• _PROBLEM_
Instruction for the entries that follow: retype exactly the lines from the line with "ATLAS DES ROUTES DE FRANCE 2025" to the line with "Imagem de MuForu", both included, and omit all others.

------------------------------------

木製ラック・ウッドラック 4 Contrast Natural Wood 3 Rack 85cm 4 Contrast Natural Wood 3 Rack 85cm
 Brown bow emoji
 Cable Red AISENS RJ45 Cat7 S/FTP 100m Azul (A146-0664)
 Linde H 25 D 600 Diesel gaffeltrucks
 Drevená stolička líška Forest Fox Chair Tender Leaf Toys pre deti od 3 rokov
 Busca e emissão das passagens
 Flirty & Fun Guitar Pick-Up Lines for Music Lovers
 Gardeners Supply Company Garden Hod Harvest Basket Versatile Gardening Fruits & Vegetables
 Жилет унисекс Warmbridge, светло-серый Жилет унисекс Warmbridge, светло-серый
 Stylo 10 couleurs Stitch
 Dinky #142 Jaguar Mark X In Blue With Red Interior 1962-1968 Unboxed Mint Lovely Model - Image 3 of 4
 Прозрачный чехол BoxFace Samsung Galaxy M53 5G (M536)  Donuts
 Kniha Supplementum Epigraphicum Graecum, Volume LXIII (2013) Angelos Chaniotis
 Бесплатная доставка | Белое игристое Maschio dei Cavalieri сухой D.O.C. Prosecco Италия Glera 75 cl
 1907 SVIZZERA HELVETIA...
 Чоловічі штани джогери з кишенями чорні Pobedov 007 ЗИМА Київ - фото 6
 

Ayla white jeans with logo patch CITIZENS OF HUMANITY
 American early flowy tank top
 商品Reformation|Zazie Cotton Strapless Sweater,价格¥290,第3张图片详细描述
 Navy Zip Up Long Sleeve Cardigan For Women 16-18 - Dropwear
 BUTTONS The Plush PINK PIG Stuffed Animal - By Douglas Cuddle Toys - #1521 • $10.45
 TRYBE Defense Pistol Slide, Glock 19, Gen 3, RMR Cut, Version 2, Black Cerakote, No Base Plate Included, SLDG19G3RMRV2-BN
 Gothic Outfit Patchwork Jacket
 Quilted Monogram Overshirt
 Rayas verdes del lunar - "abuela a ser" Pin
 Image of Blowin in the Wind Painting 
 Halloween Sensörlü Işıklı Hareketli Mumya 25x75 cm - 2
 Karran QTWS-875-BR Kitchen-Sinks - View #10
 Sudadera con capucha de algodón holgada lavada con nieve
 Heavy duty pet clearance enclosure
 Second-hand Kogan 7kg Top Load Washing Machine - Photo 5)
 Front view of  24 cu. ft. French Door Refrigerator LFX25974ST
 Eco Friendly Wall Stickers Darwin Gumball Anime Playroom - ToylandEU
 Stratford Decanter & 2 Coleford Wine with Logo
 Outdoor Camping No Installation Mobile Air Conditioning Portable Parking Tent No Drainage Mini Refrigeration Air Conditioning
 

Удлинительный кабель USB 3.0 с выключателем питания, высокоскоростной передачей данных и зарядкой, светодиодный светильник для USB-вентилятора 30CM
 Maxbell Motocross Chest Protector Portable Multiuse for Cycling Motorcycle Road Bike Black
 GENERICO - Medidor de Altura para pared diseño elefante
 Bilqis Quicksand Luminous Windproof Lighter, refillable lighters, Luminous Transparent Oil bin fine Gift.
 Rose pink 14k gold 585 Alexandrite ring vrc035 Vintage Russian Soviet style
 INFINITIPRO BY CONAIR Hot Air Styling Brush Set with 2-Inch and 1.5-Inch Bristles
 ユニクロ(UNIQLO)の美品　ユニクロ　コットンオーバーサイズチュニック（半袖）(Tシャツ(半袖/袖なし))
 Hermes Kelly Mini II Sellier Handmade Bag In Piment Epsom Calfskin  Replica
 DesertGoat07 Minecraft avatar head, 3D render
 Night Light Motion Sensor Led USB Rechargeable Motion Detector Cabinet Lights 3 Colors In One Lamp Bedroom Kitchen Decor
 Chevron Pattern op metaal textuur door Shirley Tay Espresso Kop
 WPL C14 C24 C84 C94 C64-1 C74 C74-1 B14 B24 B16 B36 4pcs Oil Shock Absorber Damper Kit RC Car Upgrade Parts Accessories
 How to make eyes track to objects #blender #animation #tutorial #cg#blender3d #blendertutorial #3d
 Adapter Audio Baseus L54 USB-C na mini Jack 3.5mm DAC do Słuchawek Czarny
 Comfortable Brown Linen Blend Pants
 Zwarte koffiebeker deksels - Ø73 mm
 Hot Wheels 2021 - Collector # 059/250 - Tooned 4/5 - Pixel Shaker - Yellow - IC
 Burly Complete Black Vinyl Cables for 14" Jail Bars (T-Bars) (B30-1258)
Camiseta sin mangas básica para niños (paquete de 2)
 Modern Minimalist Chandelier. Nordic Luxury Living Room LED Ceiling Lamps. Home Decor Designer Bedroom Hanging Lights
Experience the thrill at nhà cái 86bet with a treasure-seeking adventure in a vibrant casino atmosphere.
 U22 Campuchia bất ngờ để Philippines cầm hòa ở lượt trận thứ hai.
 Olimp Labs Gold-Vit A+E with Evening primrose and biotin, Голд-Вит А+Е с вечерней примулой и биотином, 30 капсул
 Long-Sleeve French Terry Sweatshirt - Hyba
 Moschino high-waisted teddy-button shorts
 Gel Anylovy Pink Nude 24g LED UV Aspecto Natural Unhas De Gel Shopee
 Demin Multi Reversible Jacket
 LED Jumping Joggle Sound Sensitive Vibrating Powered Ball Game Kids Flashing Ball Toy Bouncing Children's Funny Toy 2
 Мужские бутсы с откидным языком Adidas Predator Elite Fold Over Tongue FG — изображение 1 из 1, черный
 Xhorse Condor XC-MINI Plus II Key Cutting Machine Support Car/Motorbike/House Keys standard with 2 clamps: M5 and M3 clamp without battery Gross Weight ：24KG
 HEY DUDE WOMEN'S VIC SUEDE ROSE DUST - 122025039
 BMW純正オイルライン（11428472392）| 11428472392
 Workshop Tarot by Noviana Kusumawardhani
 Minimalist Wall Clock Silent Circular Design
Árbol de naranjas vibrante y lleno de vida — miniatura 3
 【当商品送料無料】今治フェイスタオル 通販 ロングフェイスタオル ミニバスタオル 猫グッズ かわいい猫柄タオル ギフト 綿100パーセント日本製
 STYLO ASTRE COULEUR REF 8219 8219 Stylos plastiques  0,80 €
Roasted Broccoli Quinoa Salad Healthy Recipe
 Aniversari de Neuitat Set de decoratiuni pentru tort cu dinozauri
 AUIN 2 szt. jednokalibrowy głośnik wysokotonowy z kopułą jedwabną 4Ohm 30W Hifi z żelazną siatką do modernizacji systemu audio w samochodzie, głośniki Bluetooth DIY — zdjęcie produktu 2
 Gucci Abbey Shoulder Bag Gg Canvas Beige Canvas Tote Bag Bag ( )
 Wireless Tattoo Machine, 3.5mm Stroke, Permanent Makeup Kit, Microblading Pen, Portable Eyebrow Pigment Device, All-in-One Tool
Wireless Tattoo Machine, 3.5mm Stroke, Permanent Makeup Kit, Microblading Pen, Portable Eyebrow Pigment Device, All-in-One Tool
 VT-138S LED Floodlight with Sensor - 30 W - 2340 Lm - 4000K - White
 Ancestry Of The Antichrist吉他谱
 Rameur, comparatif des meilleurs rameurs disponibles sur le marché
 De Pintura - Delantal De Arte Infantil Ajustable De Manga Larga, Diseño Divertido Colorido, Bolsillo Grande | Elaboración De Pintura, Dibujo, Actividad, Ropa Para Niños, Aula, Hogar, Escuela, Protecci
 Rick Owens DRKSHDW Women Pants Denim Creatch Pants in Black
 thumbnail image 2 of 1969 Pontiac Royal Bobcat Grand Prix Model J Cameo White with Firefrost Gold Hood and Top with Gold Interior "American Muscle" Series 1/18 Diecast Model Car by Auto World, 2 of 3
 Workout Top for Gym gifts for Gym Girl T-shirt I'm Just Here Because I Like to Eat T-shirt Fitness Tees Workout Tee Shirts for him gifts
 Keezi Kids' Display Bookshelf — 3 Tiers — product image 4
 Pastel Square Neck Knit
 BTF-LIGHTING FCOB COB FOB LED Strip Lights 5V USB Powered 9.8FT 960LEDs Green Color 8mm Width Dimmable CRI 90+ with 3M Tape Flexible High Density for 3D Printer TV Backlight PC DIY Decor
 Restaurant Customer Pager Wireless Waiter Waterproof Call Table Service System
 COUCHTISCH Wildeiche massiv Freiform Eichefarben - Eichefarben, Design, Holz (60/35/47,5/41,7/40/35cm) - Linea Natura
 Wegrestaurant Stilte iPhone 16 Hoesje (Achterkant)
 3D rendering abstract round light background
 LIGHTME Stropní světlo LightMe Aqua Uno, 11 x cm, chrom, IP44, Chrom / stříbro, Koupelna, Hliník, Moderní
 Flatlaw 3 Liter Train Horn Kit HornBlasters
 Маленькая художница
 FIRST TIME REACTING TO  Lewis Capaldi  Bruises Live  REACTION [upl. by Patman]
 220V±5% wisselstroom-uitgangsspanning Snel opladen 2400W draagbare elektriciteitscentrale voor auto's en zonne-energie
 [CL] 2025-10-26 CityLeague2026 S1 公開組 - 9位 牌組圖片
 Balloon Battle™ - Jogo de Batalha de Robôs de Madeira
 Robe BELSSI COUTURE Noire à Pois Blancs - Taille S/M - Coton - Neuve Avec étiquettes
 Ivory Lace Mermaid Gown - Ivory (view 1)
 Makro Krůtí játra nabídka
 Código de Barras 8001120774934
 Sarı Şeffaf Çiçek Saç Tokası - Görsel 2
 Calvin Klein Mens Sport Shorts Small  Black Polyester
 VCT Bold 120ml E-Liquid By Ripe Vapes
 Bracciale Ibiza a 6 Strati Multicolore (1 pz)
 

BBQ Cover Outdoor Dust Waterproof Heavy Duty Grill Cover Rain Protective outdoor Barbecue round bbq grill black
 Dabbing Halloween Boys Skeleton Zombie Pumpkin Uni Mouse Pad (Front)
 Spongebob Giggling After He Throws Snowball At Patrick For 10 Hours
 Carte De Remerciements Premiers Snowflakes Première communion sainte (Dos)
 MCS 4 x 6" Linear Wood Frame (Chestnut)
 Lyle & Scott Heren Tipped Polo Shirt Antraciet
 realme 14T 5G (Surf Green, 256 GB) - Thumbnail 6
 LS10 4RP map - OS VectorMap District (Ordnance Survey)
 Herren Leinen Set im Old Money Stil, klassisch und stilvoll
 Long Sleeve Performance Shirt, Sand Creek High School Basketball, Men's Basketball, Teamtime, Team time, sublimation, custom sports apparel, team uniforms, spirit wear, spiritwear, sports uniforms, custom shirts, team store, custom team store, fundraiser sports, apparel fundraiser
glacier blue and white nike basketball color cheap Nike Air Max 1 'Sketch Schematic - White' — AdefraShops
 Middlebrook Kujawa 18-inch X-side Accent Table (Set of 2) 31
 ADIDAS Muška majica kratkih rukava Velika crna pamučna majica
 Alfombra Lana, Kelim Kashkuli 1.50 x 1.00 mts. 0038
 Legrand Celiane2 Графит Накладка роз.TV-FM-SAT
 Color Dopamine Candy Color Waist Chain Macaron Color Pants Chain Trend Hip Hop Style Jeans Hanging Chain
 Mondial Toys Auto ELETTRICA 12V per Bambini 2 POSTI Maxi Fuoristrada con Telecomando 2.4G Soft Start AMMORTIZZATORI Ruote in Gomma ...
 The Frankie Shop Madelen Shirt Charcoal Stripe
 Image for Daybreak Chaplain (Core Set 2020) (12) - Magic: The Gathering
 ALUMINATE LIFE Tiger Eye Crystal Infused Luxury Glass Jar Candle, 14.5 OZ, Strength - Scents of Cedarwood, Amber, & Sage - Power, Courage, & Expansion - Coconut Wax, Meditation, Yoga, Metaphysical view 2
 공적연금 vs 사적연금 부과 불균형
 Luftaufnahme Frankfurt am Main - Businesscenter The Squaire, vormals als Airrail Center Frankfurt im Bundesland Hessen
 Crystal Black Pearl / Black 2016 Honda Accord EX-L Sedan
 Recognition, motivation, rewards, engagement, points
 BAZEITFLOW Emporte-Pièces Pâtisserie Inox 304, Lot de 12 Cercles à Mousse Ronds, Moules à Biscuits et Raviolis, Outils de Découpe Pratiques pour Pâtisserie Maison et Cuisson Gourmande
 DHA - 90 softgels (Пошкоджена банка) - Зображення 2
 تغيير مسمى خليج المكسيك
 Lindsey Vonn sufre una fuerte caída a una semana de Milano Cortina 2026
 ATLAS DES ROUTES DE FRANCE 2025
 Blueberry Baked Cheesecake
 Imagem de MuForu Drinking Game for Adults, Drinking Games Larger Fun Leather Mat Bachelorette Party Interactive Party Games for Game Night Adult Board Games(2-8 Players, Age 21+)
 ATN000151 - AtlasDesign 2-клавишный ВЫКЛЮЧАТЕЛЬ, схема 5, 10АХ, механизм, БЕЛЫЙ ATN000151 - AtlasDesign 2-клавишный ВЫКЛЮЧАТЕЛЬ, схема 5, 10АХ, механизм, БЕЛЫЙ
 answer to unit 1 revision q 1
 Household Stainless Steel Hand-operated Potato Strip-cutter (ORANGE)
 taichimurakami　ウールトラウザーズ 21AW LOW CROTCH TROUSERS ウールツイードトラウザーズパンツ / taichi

------------------------------------

• _EXERCISE ANSWER_
 ATLAS DES ROUTES DE FRANCE 2025
 Blueberry Baked Cheesecake
 Imagem de MuForu Drinking Game for Adults, Drinking Games Larger Fun Leather Mat Bachelorette Party Interactive Party Games for Game Night Adult Board Games(2-8 Players, Age 21+)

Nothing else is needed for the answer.